> **AIM OF THE TASK**
An exact transcription of the entries is required, with none of the pictures carried over.

Image-text web data
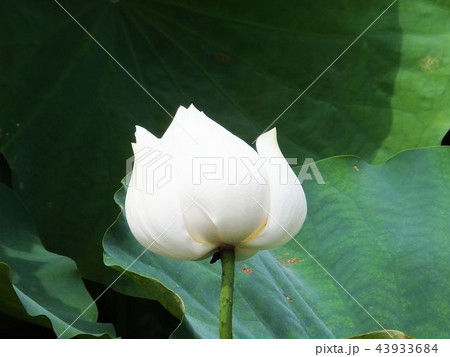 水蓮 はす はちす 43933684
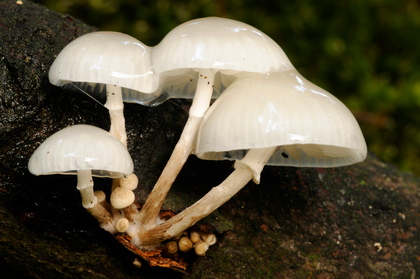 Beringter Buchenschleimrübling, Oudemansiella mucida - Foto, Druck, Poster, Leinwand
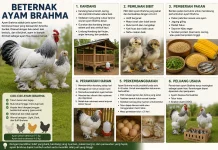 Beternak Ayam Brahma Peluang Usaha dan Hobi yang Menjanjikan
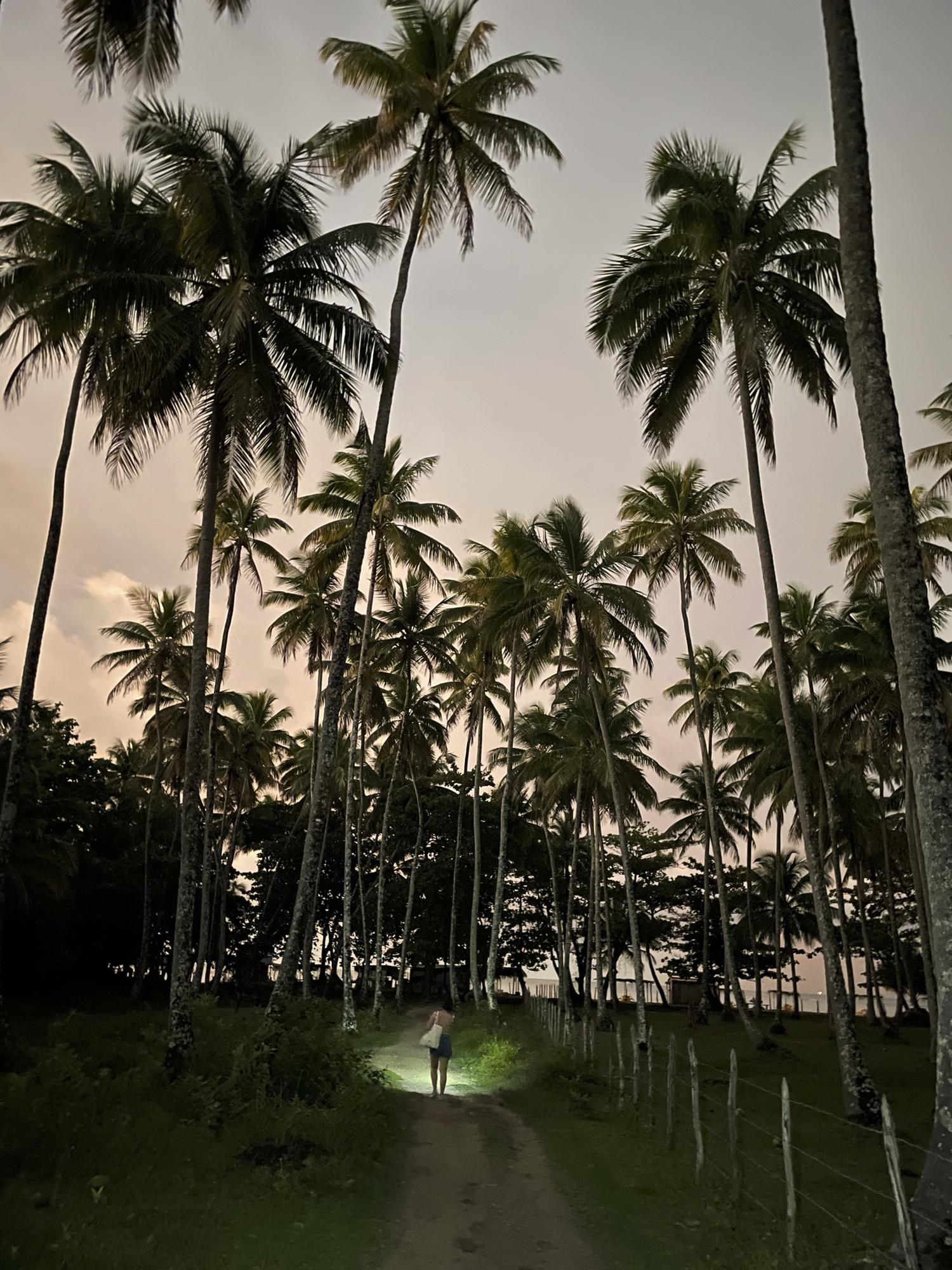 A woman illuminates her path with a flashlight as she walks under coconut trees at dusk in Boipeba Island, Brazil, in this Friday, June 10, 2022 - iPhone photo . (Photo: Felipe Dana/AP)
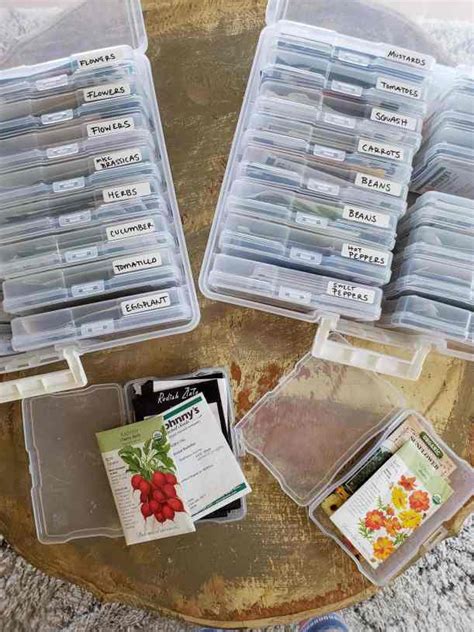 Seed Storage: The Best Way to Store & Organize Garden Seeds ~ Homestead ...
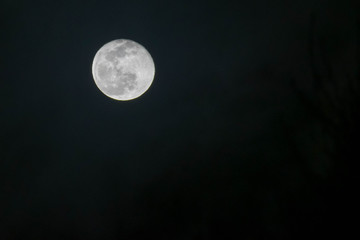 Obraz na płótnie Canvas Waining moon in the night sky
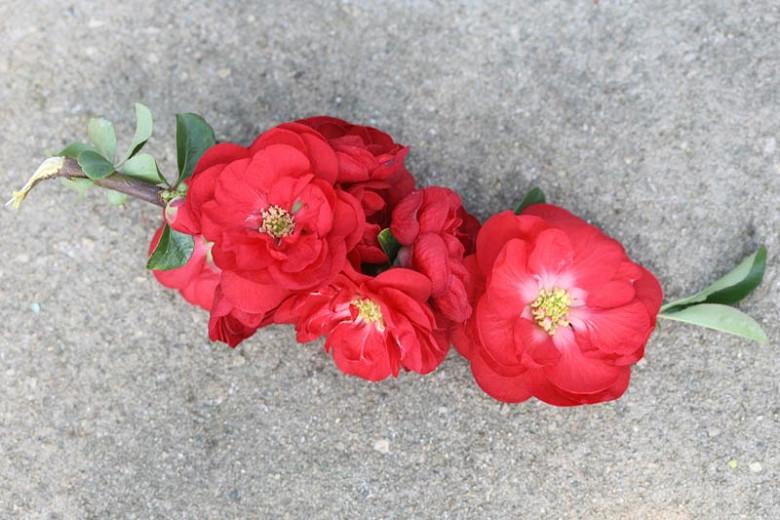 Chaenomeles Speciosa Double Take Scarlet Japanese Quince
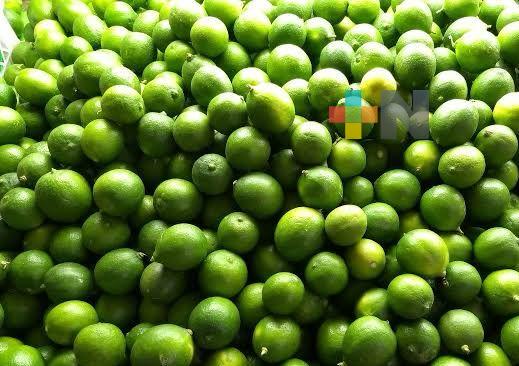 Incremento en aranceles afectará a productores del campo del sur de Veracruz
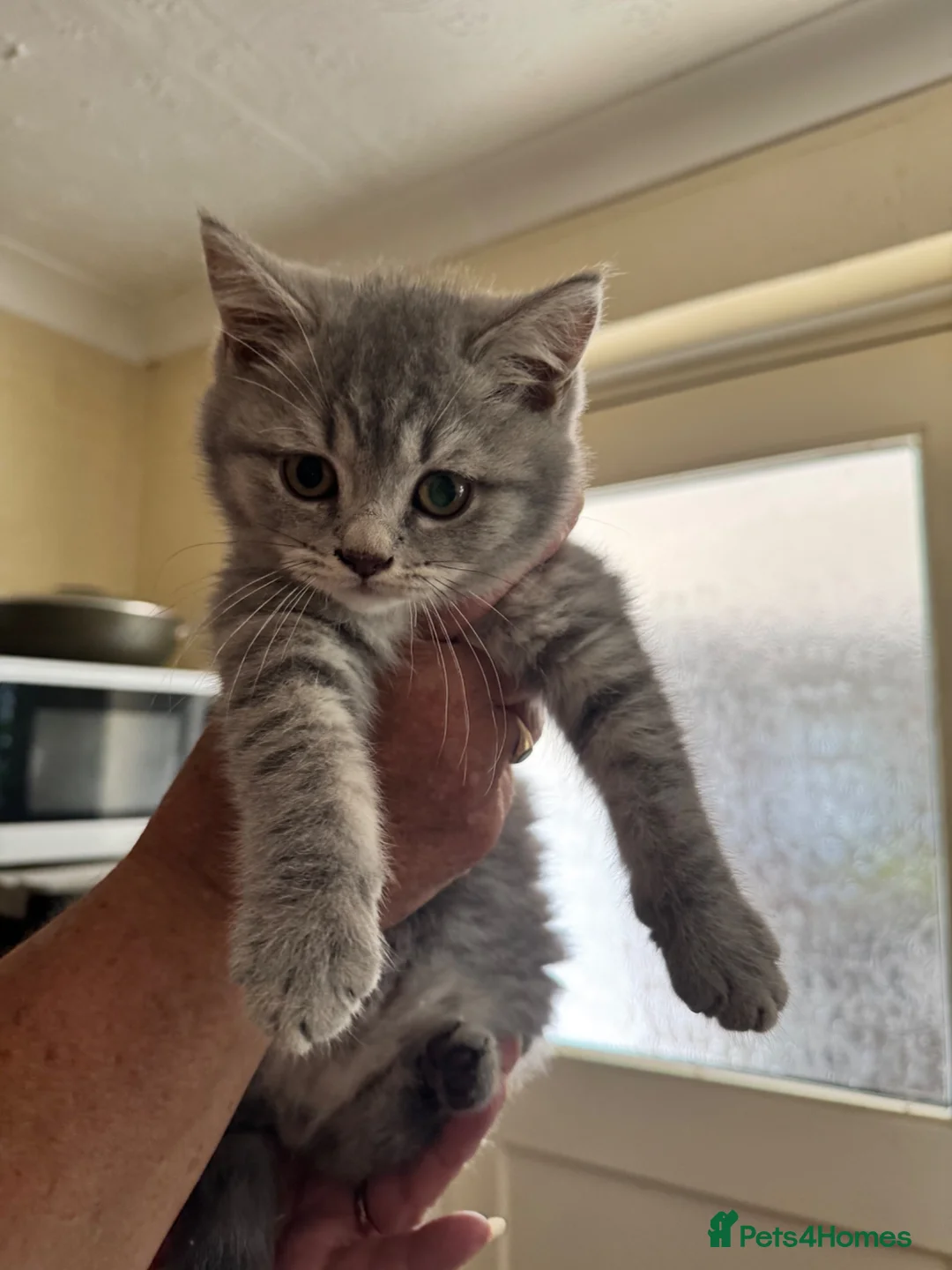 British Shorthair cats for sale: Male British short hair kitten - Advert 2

> **EXPECTED ANSWER**
 水蓮 はす はちす 43933684
 Beringter Buchenschleimrübling, Oudemansiella mucida - Foto, Druck, Poster, Leinwand
 Beternak Ayam Brahma Peluang Usaha dan Hobi yang Menjanjikan
 A woman illuminates her path with a flashlight as she walks under coconut trees at dusk in Boipeba Island, Brazil, in this Friday, June 10, 2022 - iPhone photo . (Photo: Felipe Dana/AP)
 Seed Storage: The Best Way to Store & Organize Garden Seeds ~ Homestead ...
 Obraz na płótnie Canvas Waining moon in the night sky
 Chaenomeles Speciosa Double Take Scarlet Japanese Quince
 Incremento en aranceles afectará a productores del campo del sur de Veracruz
 British Shorthair cats for sale: Male British short hair kitten - Advert 2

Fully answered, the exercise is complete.